Eine wohlverdiente Ehrung
Zur Feier ihres 70. Geburtstages hatte sich gezeigt, dass Rosa sowohl körperlich als auch geistig noch sehr fit war. Nur die Füße machten ihr zu schaffen. So forderten einige Wohlgesonnene, der Staat möge ihr doch eine Ehrenpension gewähren, zumal ihr kein gesetzlicher Anspruch zustand. Der Grund für die schwachen Füße lag schließlich in ihrem selbstlosen Arbeitseifer. Ohne Schonung des eigenen Lebens scheute sie auch steile, schmale und oft lebensgefährliche Pfade nicht, weder bei Tag noch bei Nacht, weder bei Hitze noch bei Kälte.
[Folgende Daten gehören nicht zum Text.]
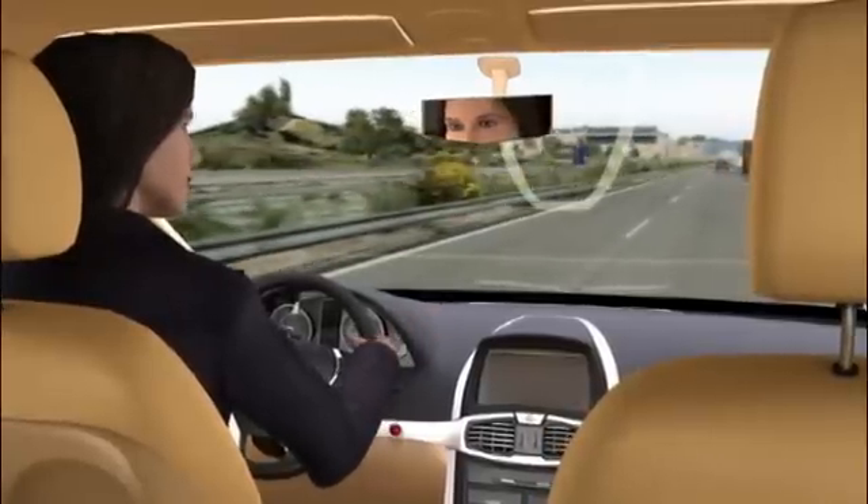For demonstration purposes, we'll now put ourselves in a critical driving situation. Ready? Hold on tight!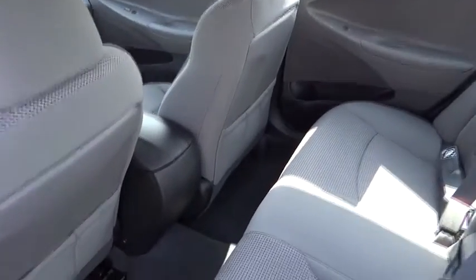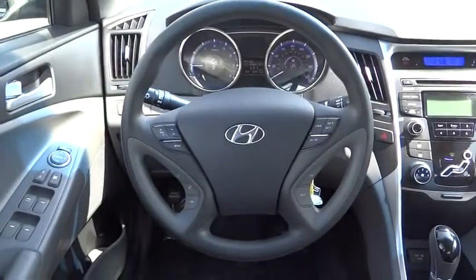Power door locks, power windows, MP3 player, bucket seats, CD player. Your new ride is just a phone call away.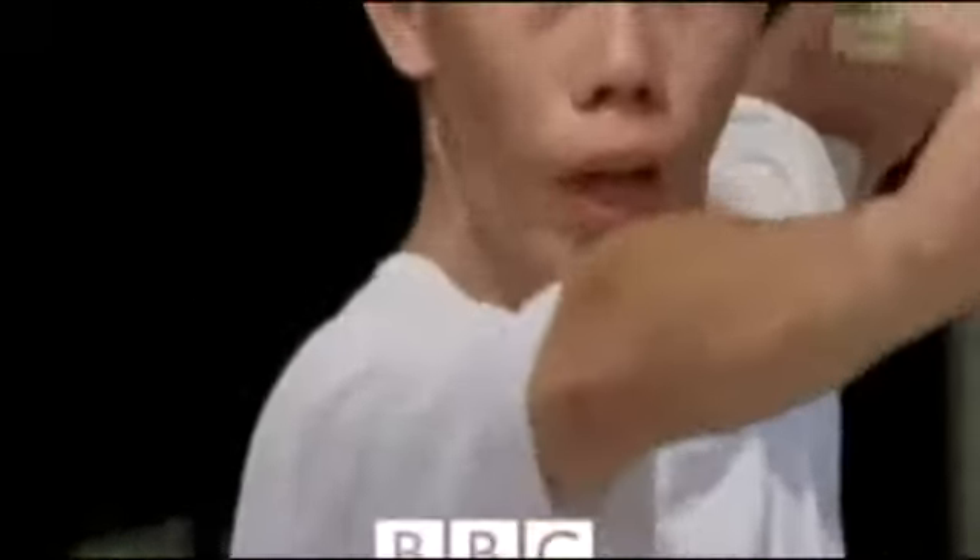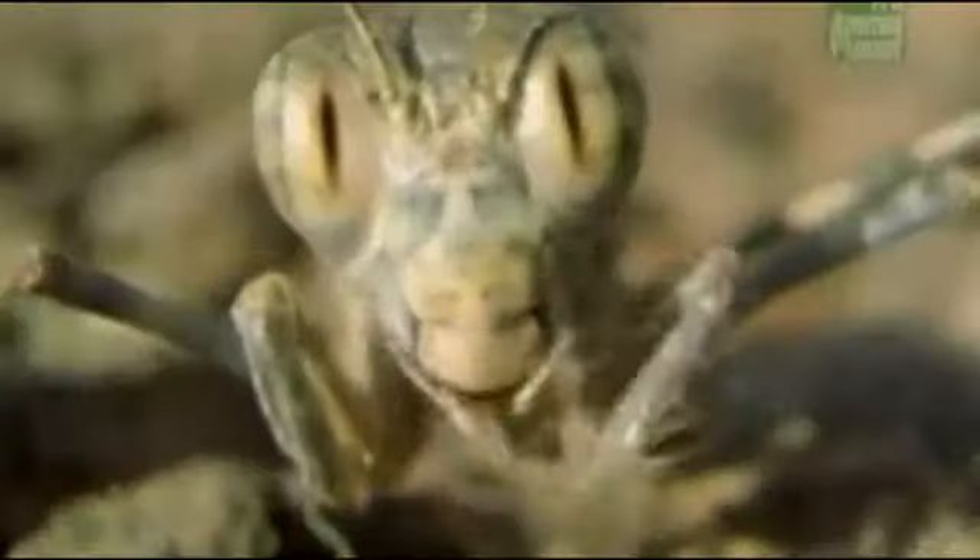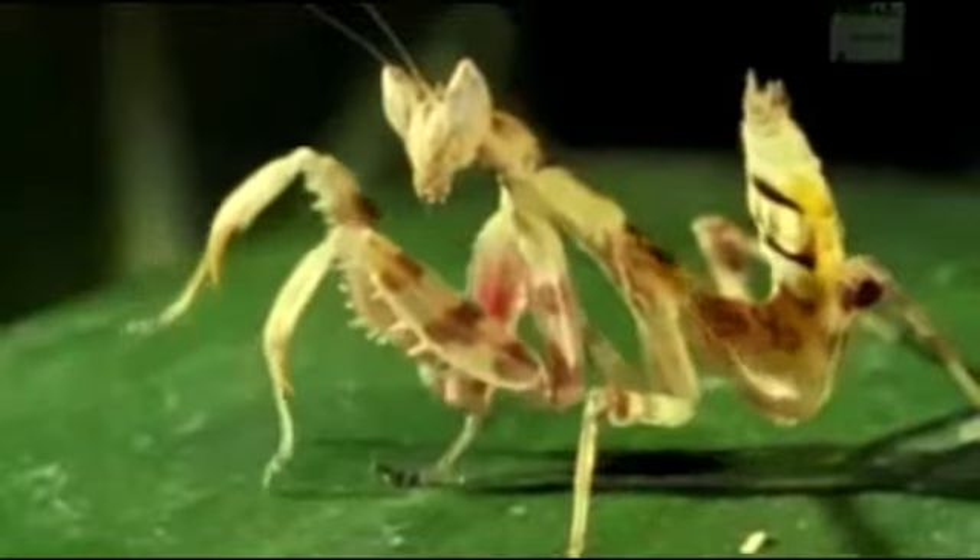Meet the ultimate insect assassin — inspiration to kung-fu fighters, cool, charismatic, and armed to the teeth. The fastest bug in the east, with a technique to die for. This is the praying mantis. Watch and learn.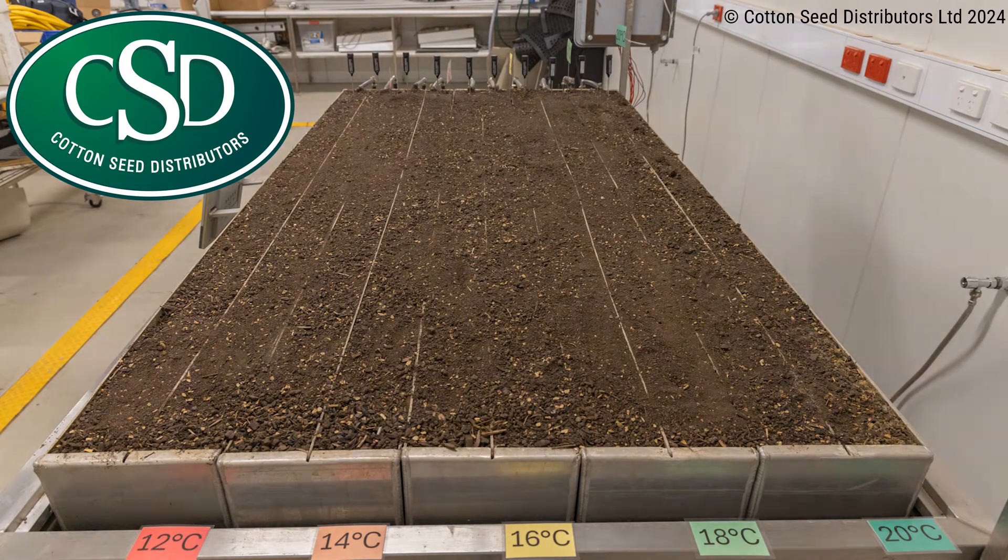The first emergence was in the 20 degrees Celsius trough after seven days, with most of the seedlings emerging soon after.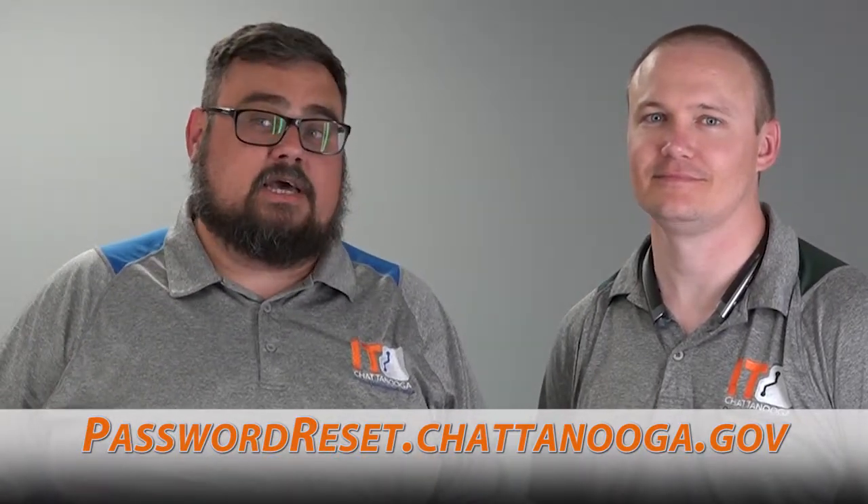Can they reset their password? You could actually reset your password anytime, anywhere using your phone without having to call IT. As much as we know you love talking to our friendly service desk representatives, you can actually do this quicker and easier yourself, allowing you to be more efficient at your job.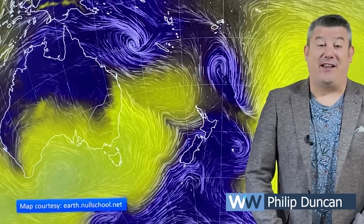Hello, kia ora, I'm Philip Duncan. Thank you for joining us for our Friday weather update for January the 20th. While there is a lot of low pressure especially to the north of New Zealand, it is high pressure that is about to dominate our weather and the weather for a big chunk of Australia. Let's take a look.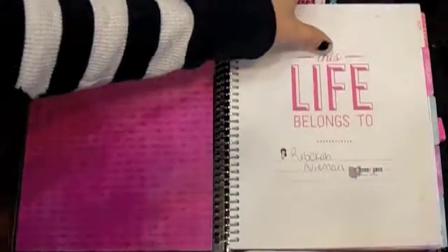Hey guys, I just wanted to come on here and do a quick video on the month of January in my Recollections planner. I just wanted to go through and show you what it looks like.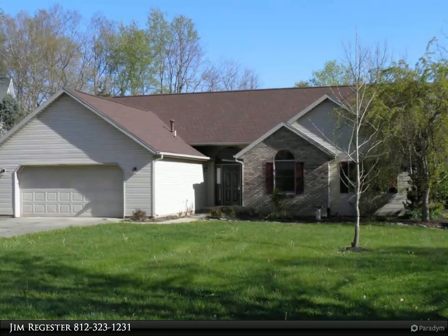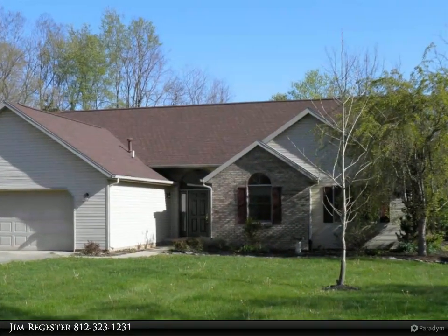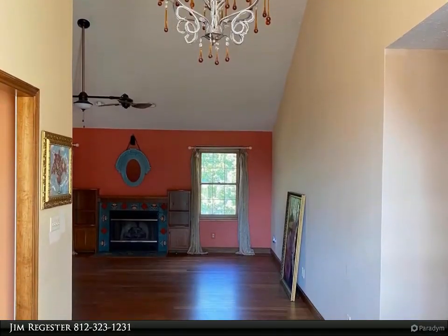This Remax Realty Professionals Property Video is presented by Jim Register. Premium Southeast location, convenient to shopping, YMCA, golf, and trails.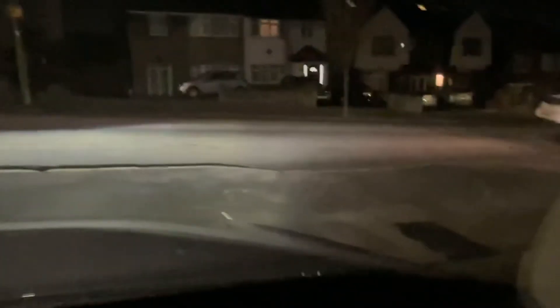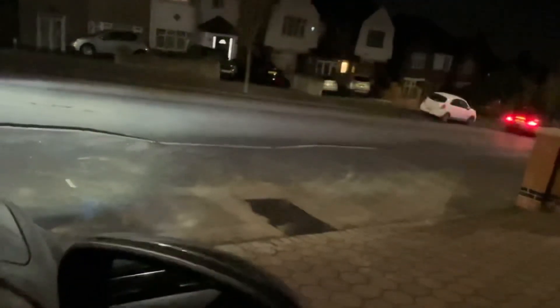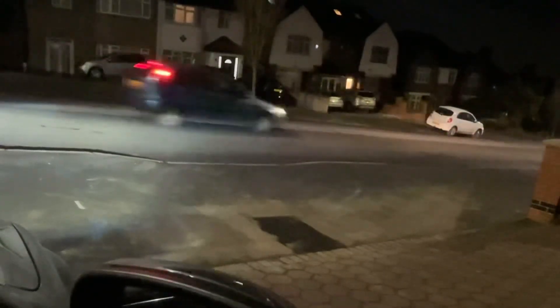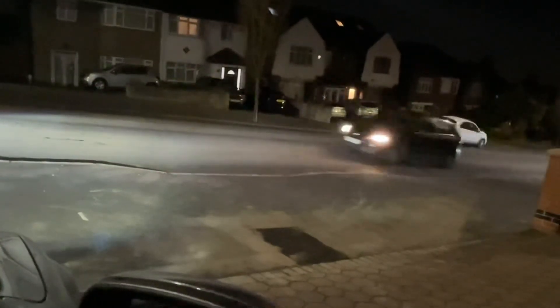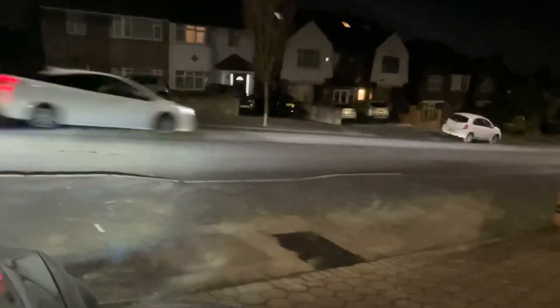When I turn right, you can't see that well because it's quite lit. Maybe here you can see. I'll just check the mirrors. Maybe you can see here. I can see that. There, on the back there.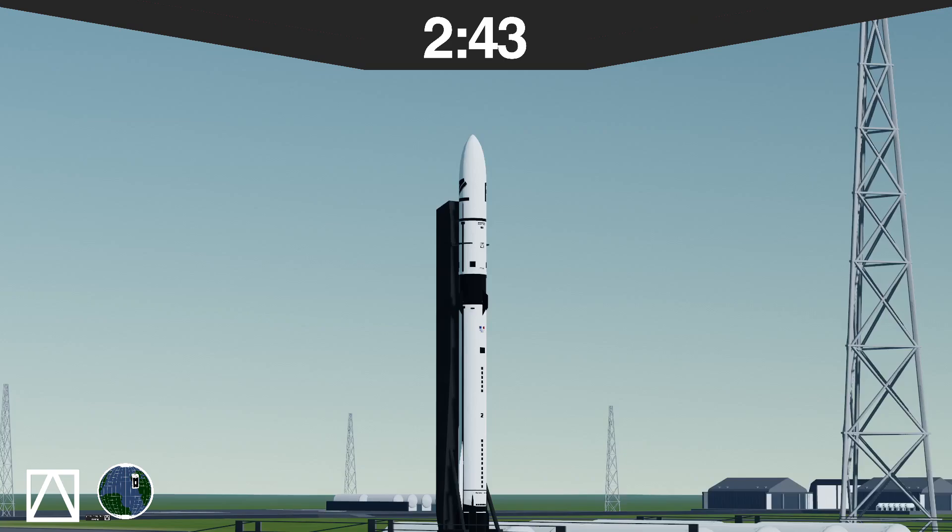Aurora 2 fueling has been completed. Stage 1 at flight pressures. Stage 2 at flight pressures. We are targeting a go-no-go poll at T-minus 2 minutes.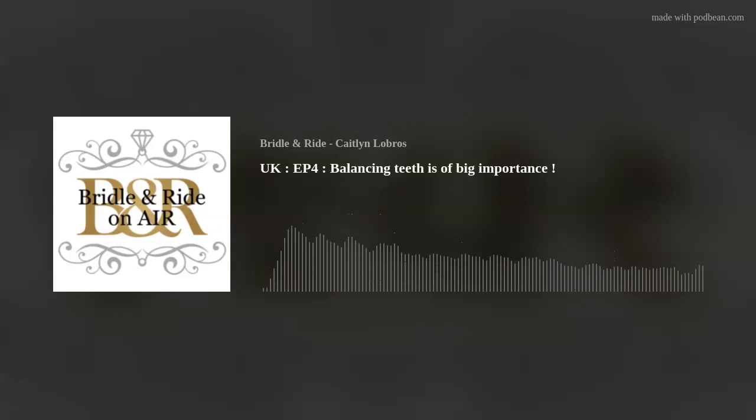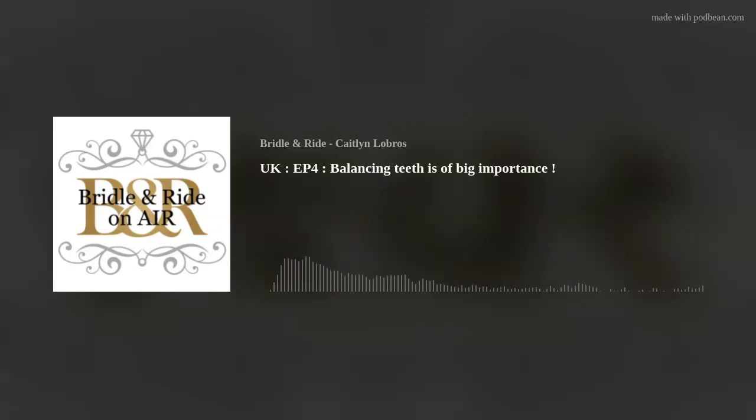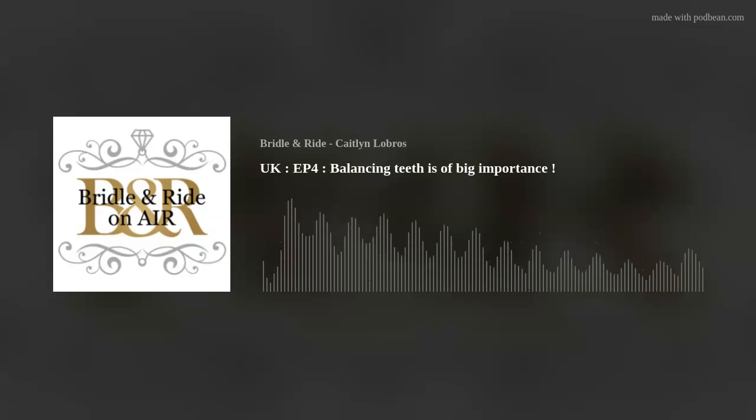Now that's cleared up, let's get started. I want to talk about how pressure relates to balancing teeth. I hope by now that everyone knows that it's important that you have your horse's teeth checked on a regular basis.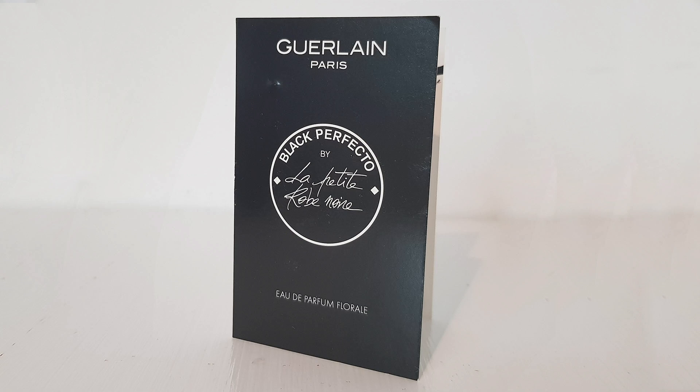In third place, we have Black Perfecto Eau de Parfum Florale. I really, really like this one — it's a very classy, gothic kind of scent. I can imagine men wearing this too, but I love how different this is compared to the others. It's a really nice curve ball with the rose leather combination, while still keeping it in the line with the almond note that I also detect in the EDP version.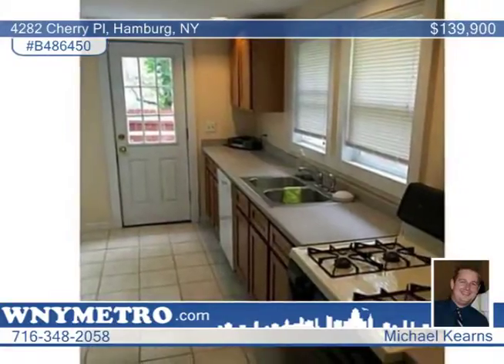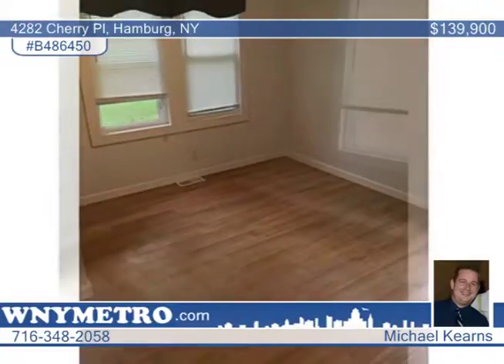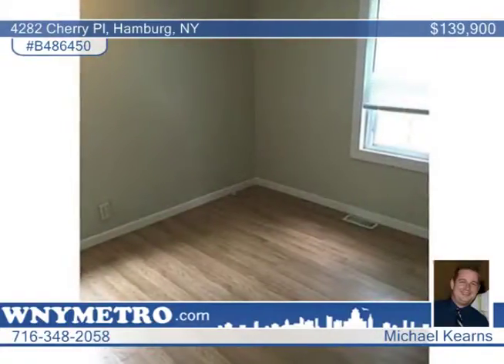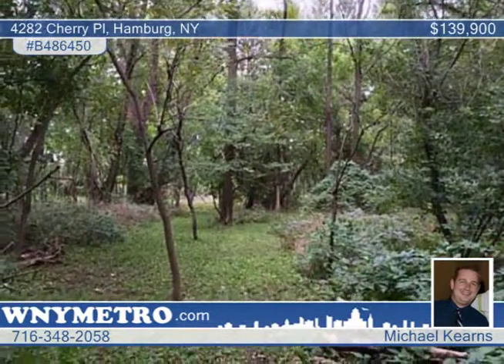This home is freshly painted throughout with new ceramic tile flooring in the kitchen and new carpeting in the huge upstairs bedroom. Step out to the deck overlooking the peacefully fenced backyard and a 75 by 200 wooded lot directly behind the property that's also included in the sale.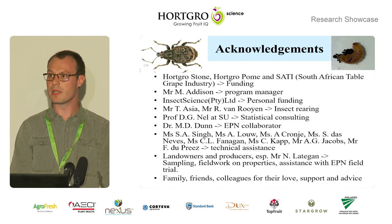I wish to thank the following people and institutions and also the audience of this talk. Thanks so much.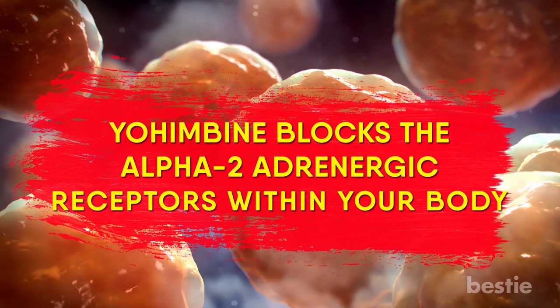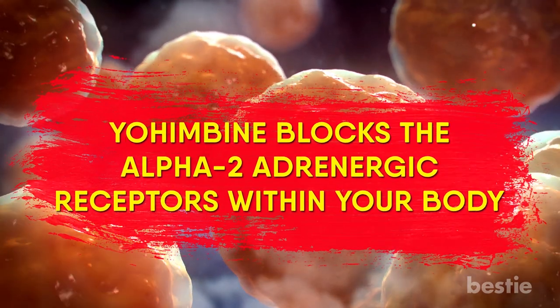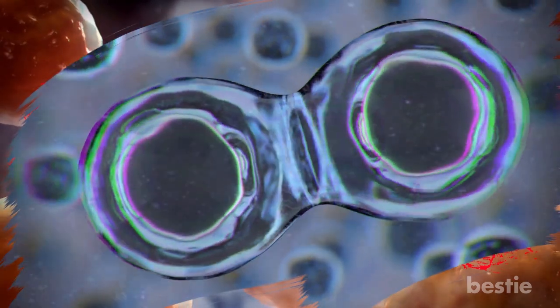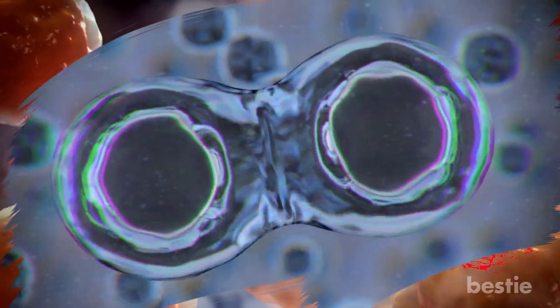This is because Yohimbine blocks the alpha-2 adrenergic receptors within the body. Under normal circumstances, these receptors are used to bind and suppress the effects of adrenaline within the body in order to lessen or suppress its effects.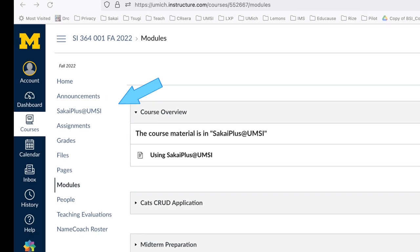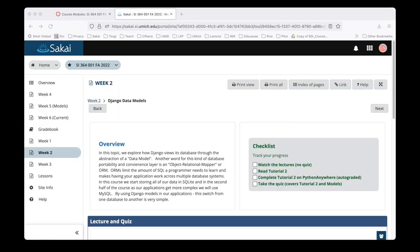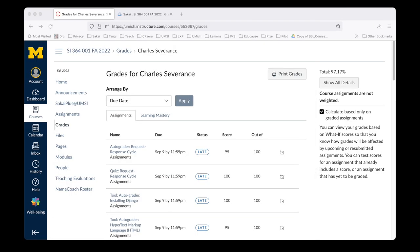A demonstration of Sakai Plus takes about 15 seconds. Once Sakai Plus is installed in your LMS, a single click launches Sakai Plus in a new tab. In that new tab, you simply teach using any and all Sakai features. In the background, Sakai Plus keeps the rosters and gradebook synchronized.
Es war der Ortspfarrer Stephan Pamer, der darauf hinwies, wenn der Bürgermeister eines Ortes als „Vater der Gemeinde“ zu bezeichnen sei, müsse ihr als unermüdliche Geburtshelferin wohl der Titel „Mutter der Gemeinde“ gebühren. Die Gemeinde St. Martin würdigte das Lebenswerk der tatkräftigen und sozial engagierten Hebamme, die weitum einen ausgezeichneten Ruf genoss, 2021 mit der Straßenwidmung im Beisein von drei Generationen ihrer Nachkommen.